To an 11-year-old boy, the ad in the back of the fishing magazine looked too good to be true:
Mated pair of chameleons, terrarium, food (mealworms) - $14.95. Guaranteed to arrive live.
To his mother, the ad looked perhaps too true to be good.
Max worried that with no phone number listed, and the suspicious name "Leapin' Lizards," this might be a scam. What if the shady pet purveyor cashed our check but reneged on the reptiles?
My worry was diametrical to his: What if "Leapin' Lizards" was a five-star member in good standing with the Nowhere, Texas, Chamber of Commerce and was true to its word?
My son decided to sleep on it - literally. When I woke him in the morning, I found the drool-moistened magazine on the pillow, under his cheek. But the night's rest had not dampened his enthusiasm.
He began the day by executing a well-planned verbal offensive: Chameleons would teach him to be responsible, bring him oneness with nature, and hoist our home out of its entertainment doldrums - all for a mere $14.95.
I batted back defensively: There was a neglected dog on the back porch just waiting to teach someone responsibility, and the weedy garden south of the house could provide a close encounter with nature for a boy with a hoe. Furthermore, if five warm-blooded siblings didn't generate enough amusement around here, I had doubts about the fun-and-frolic contribution we could expect from a couple of cold-blooded lizards.
For two weeks Max amassed funds and sweet-talked his mother. Together we contemplated the role chameleons might play in our lives - and we in theirs.
What provisions are needed to keep chameleons fat and happy? What does one do with fat and happy chameleons?
When our negotiations reached rock bottom, Max resorted to slimy propaganda techniques:
"What's the worst that could happen, Mom?"

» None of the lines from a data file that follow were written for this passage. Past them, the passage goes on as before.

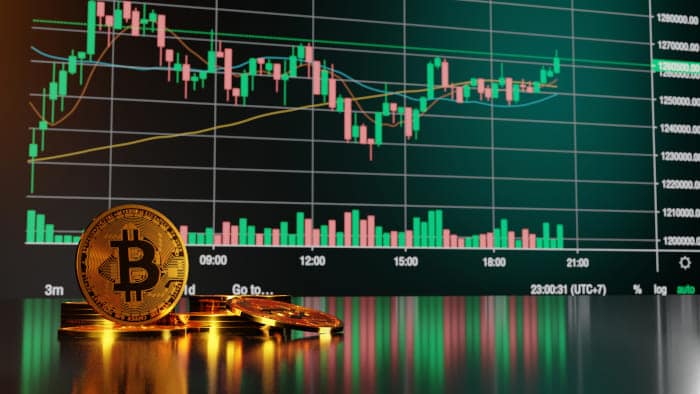 Bitcoin investing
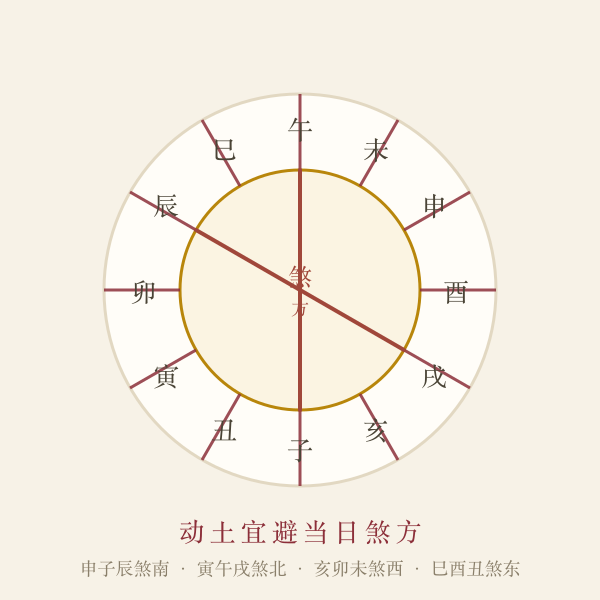 罗盘定坐向插画
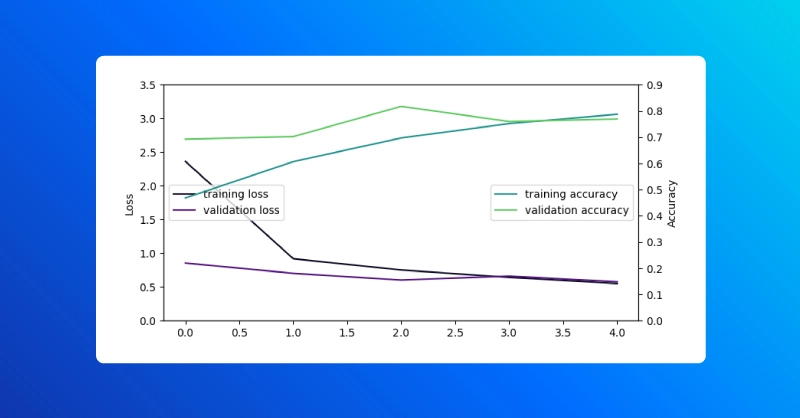 training loss and training accuracy visualization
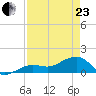 North tide chart for Thursday, April 23, 2026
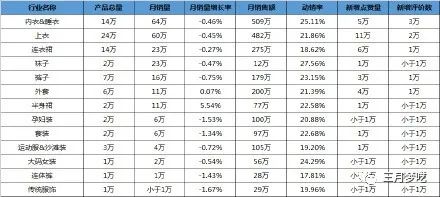 跨境最值得做的类目有哪些（群模式这几个项目不要错过）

I had to think long and hard about that. Which is less appealing: opening a box of dead lizards - or live ones? Running out of mealworms - or being overrun with mealworms? My son's worst-case scenario (losing $14.95) sounded almost pleasant. So it was this line of persuasion he slyly advanced, assuring me that "Leapin' Lizards" was certain to be a rip-off and that after this sure-to-fail attempt, he would never again shop from the back of a magazine. Somehow, this persuaded me to let him place an order. Then I smugly settled in to wait for the chameleons not to come.

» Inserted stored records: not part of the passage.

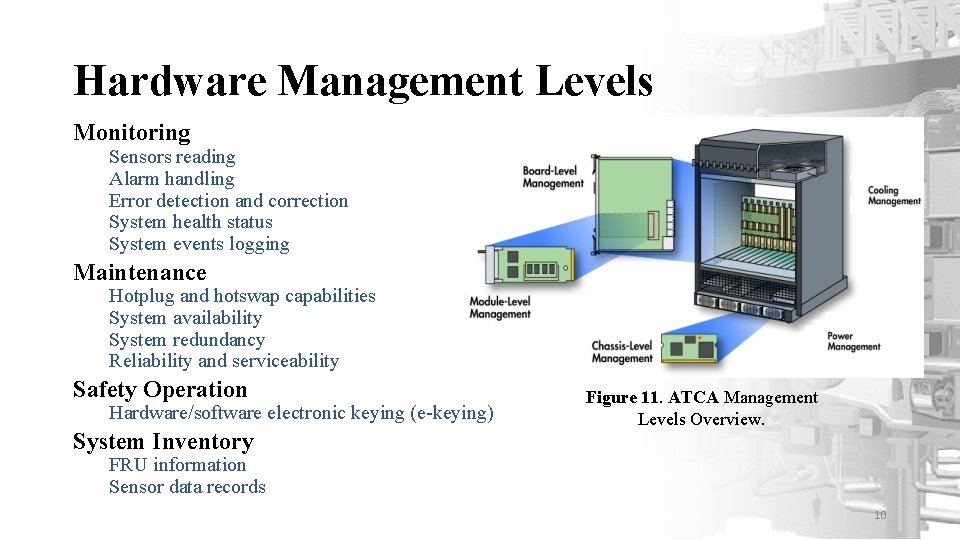 Hardware Management Levels Monitoring Sensors reading Alarm handling Error detection and correction System health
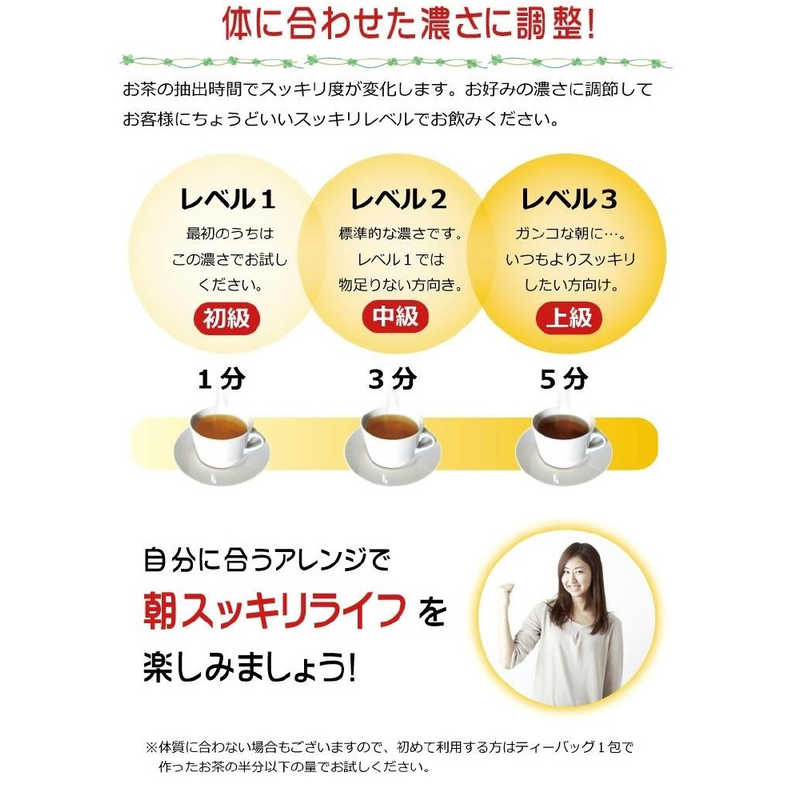 昭和製薬 昭和製薬 朝の宅配便NEW MAX 5gX24包  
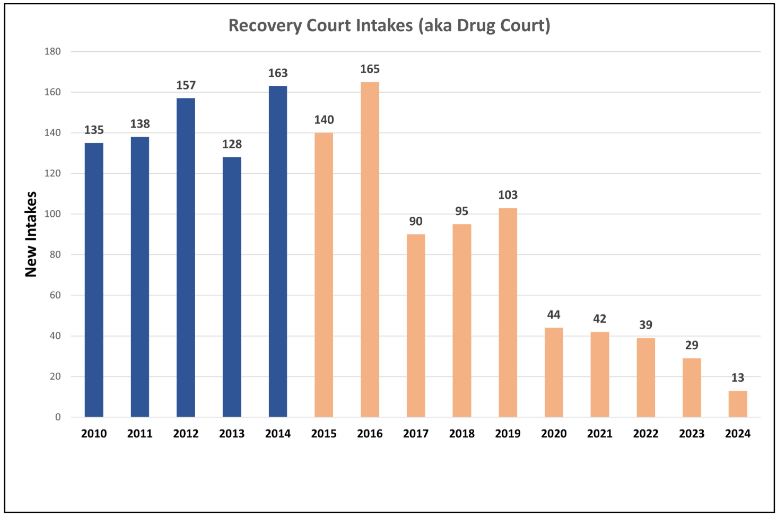 Recovery Court intakes by year since 2010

For nearly six weeks the saga unfolded in my favor. Each day's mail brought credit-card offers and more fishing magazines - but no chameleons. However, as we avoided my worst-case scenarios, we were living my son's. And as he lost hope, I lost hubris and found myself beginning to wish for lizards, live and mated (whatever that meant).
So by the time the FedEx man arrived at my door with a box stamped "Live Animals," I greeted him as if he were Ed McMahon holding the megacheck. And when Max sifted through the shredded newspaper that had buffered the lizards through their Texas-to-Iowa trek, I nearly squealed with delight (well, I nearly squealed). The chameleons were alive - and smiling, so it seemed. (According to the enclosed literature they were not actually chameleons, but anoles - small Southwestern lizards that are happiest in a terrarium much larger than the one included "free" with our purchase.
Our friendly reptiles do indeed change color, from dark brown to bright green, and can be coaxed out from between piano wires with the gentle nudge of a spoon handle. (We've since read that anoles prefer not to be handled, a fact that has inspired us to a laissez-faire lizard policy, greatly reducing their opportunity for piano expeditions.)
Mealworms, we've learned, keep indefinitely in the refrigerator, next to the mayonnaise.
So now, after purchasing a $10 anole-care book, $25 terrarium, $11 lamp (they like the warmth), and $2 spray bottle (to quench their thirst the lizard way), I'm down $48 to my son's $14.95. But he was right about the entertainment value: Each day, in a 15-second commune with nature, as I spritz my little friends with morning "rain" and toss them another mealworm, I concentrate on how much fun I'm having. Meanwhile, my son has been toting around a catalog that sells peacocks.